We won’t really prove this, but I’ll provide an intuitive understanding as to why k-means converges and doesn’t keep iterating to infinity. The idea hinges on the fact that, at each step of the loop, the cost value at the new cluster center must be less than or equal to than the previous cluster center location. In other words, the cost is monotonically decreasing since we’re updating the centers based only on the data. Notice that the cluster centers update does not depend on the previous location! (There is a formal convergence proof that proves k-means converges in a finite number of steps, but I’ve skipped over that since the intuition is more useful than the proof.) Hence, k-means will keep iterating until the new cost value is the same as the old one. We have a conditional check for this in our code, and that’s where we break out of the loop. There may be cases where k-means takes a long time; in those cases, we could replace the infinite while loop with a finite loop that iterates until the maximum number of allowable iterations is met.
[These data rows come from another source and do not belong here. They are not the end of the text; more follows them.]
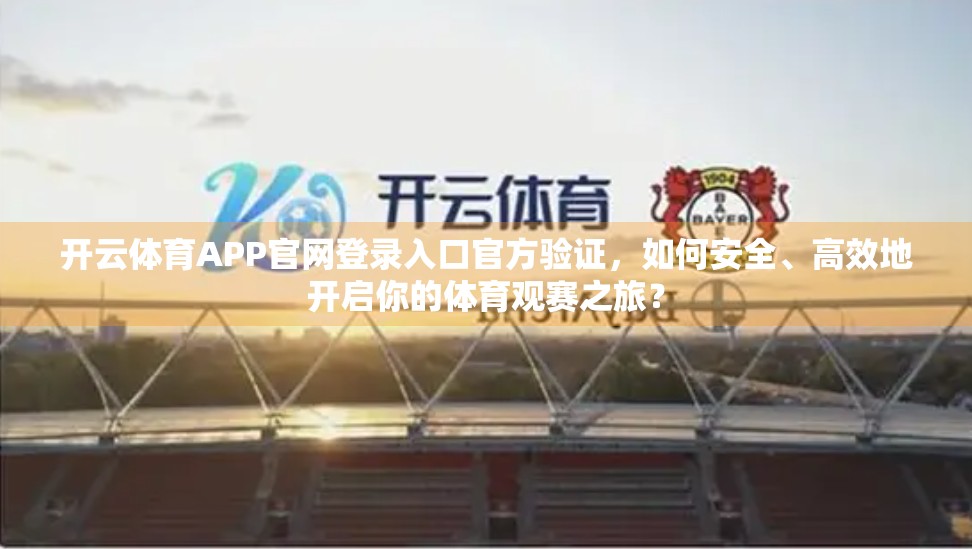 开云体育APP官网登录入口官方验证，如何安全、高效地开启你的体育观赛之旅？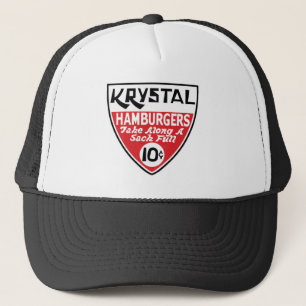 Krystal 10 Cent Shield Trucker Hat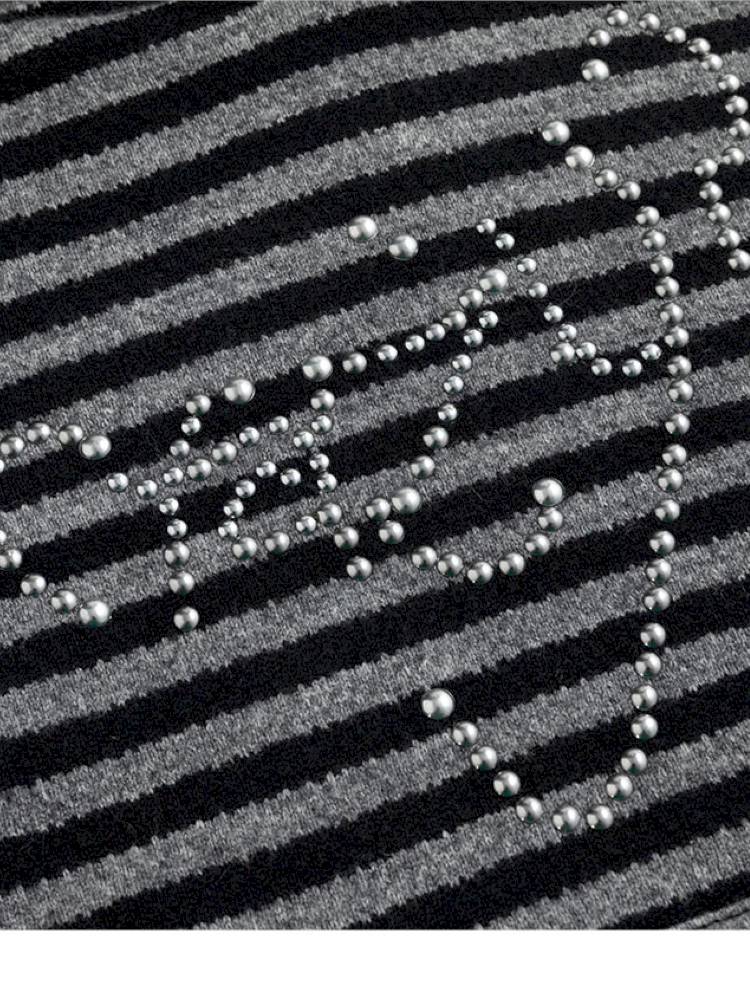 Striped Cat-Ear Hoodie【s0000014425】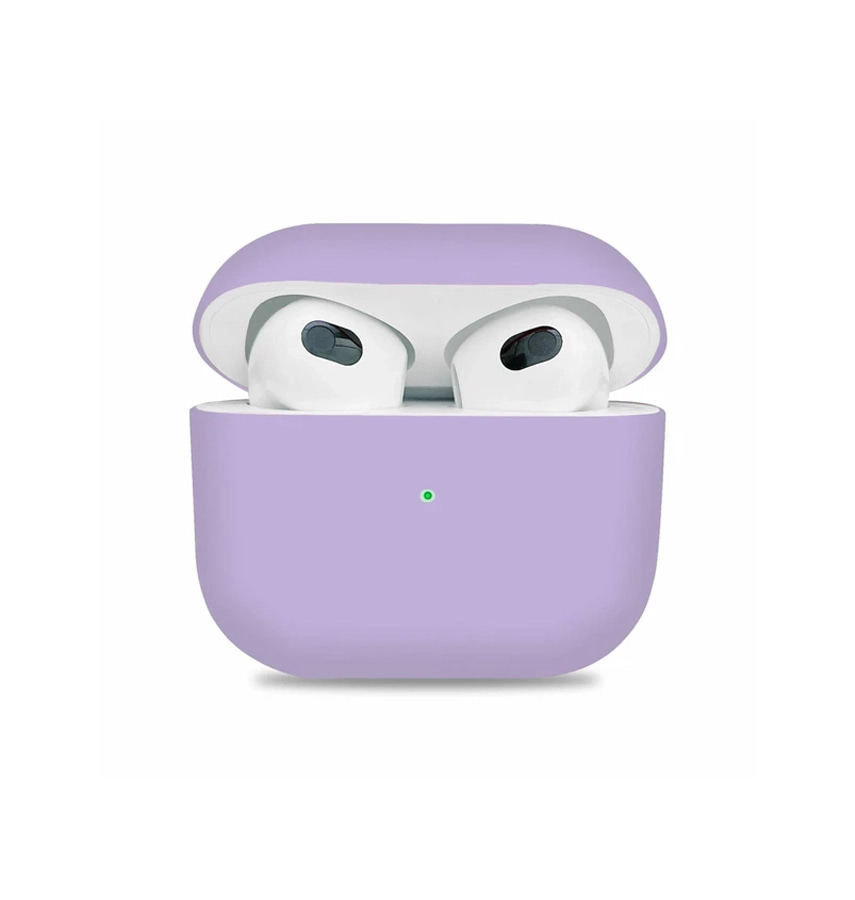 AirPods 3rd Generation Soft Silicone Protective W/ PC Case (Purple)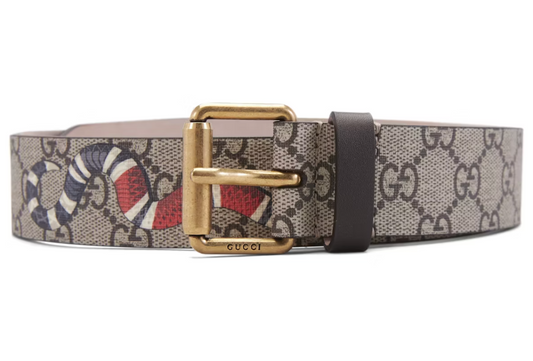 Gucci Belt Supreme Kingsnake Brown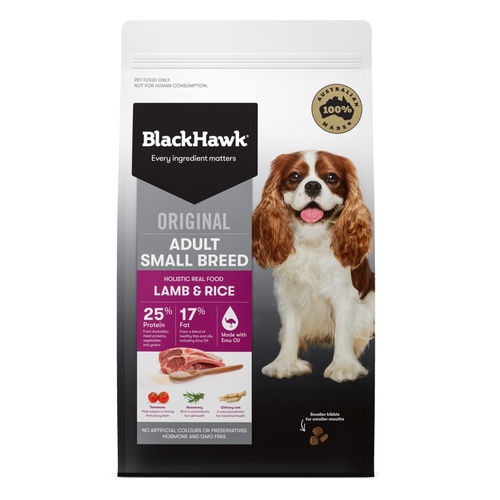 Black Hawk Lamb & Rice Dry Dog Food for Small Breeds 3kg main image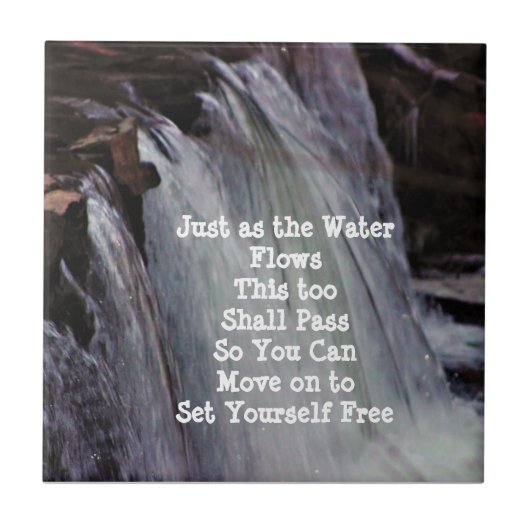  Waterval met woorden Tegeltje (Voorkant)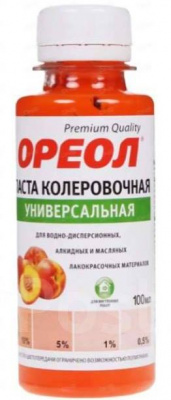 Паста колеровочная Персик 100мл Ореол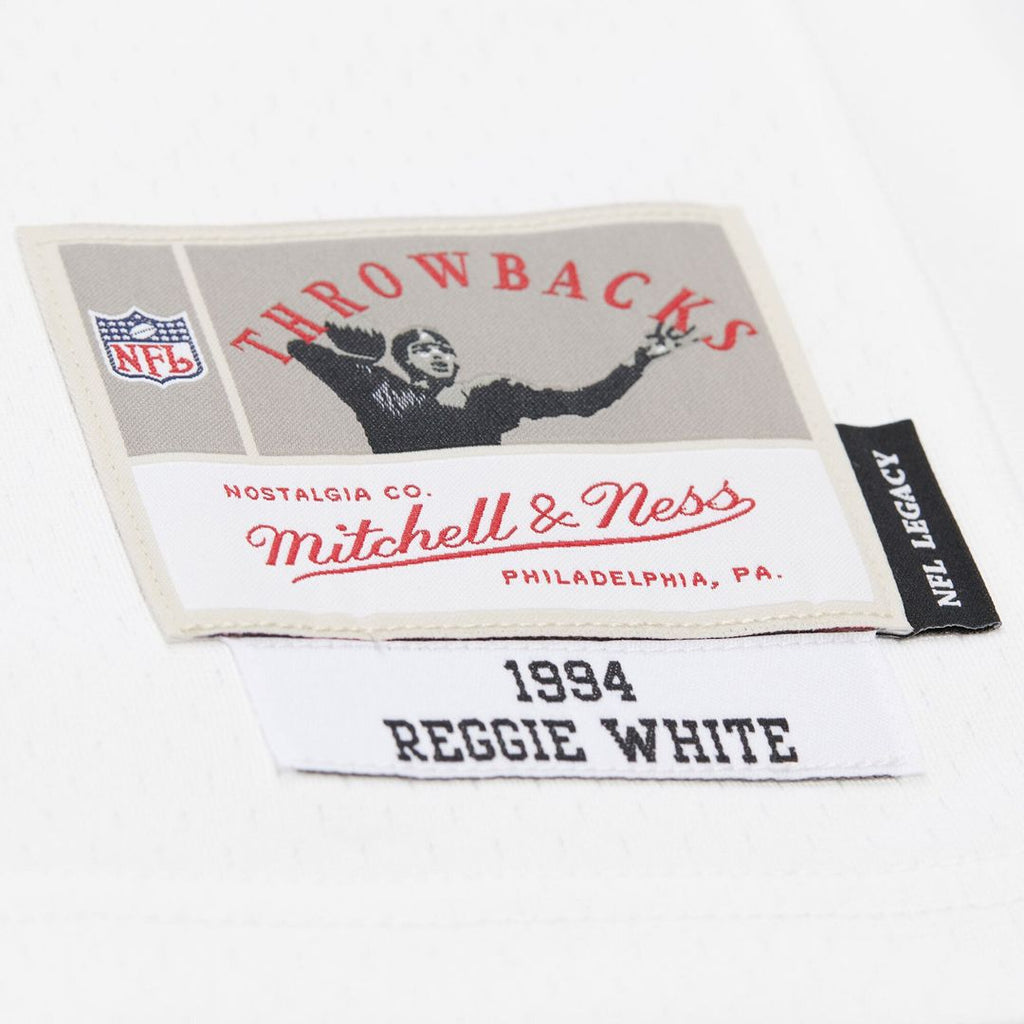 Green Bay Packers Reggie White White 1994 Legacy Replica Jersey product image 5, provided for visual reference and product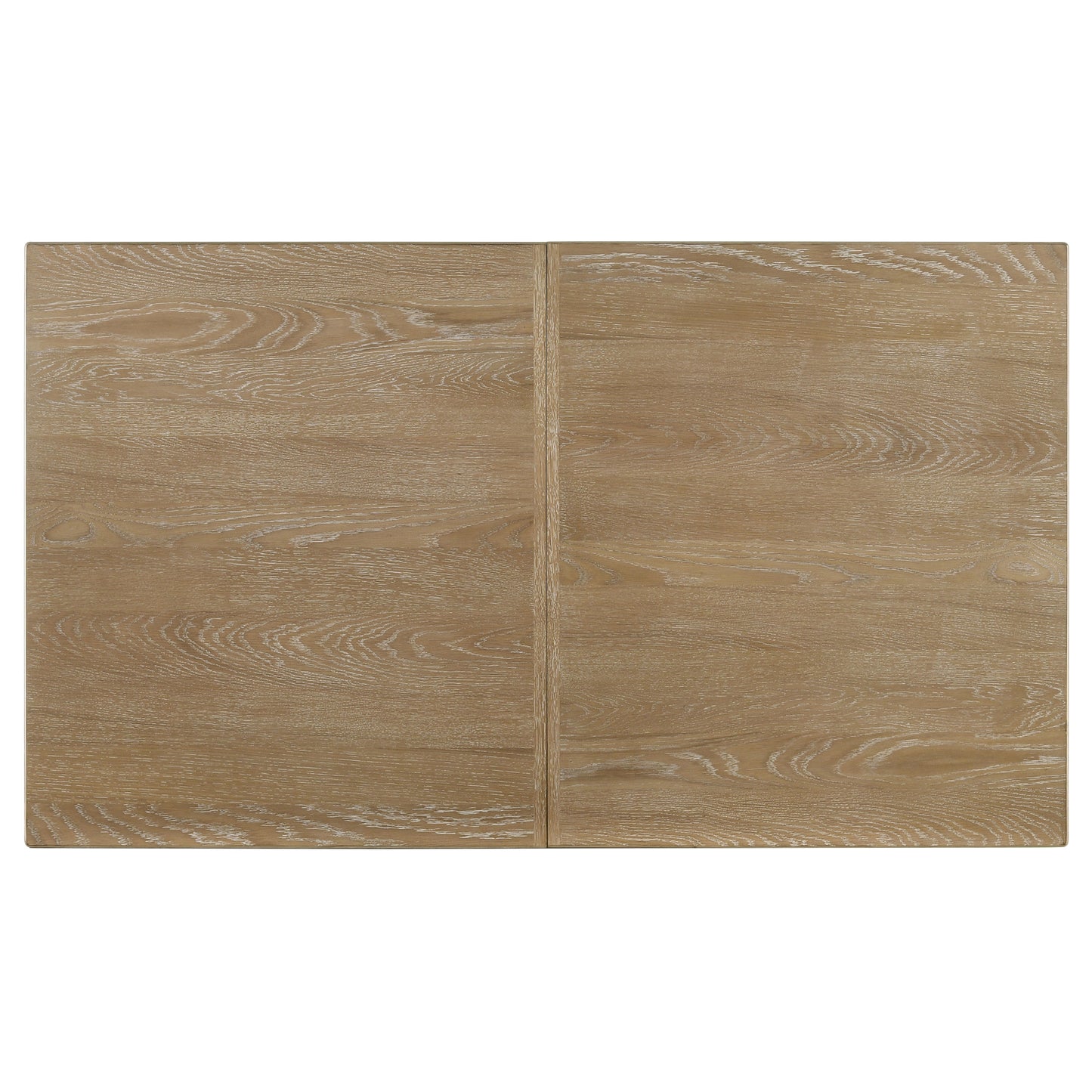 jirou 89-inch extension dining table distressed light brown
One important thing to note is that there’s no guarantee that it will converge to the right answer or even an answer that makes sense! (Theoretically, computing the global minimum, i.e., the optimal answer, is an NP-hard problem.) The only guarantee is that k-means will stop, i.e., the cluster centers will stop moving, in a finite amount of steps.

To summarize, we discussed the most popular clustering algorithm: k-means clustering. This is an intuitive algorithm that, given the number of clusters, can automatically find out where the clusters should be. First, we randomly initialize the cluster centers. Then we assign each point to its closest cluster and update the cluster center to be the mean of the set of all points assigned to it. After we perform this update, we simply re-assign each point and repeat until the algorithm converges. We discussed some critical aspects of this algorithm such as initialization and convergence. In addition, we learned some numpy tricks along the way.

In practice, the k-means algorithm is very popular and the first-used algorithm when given a clustering task.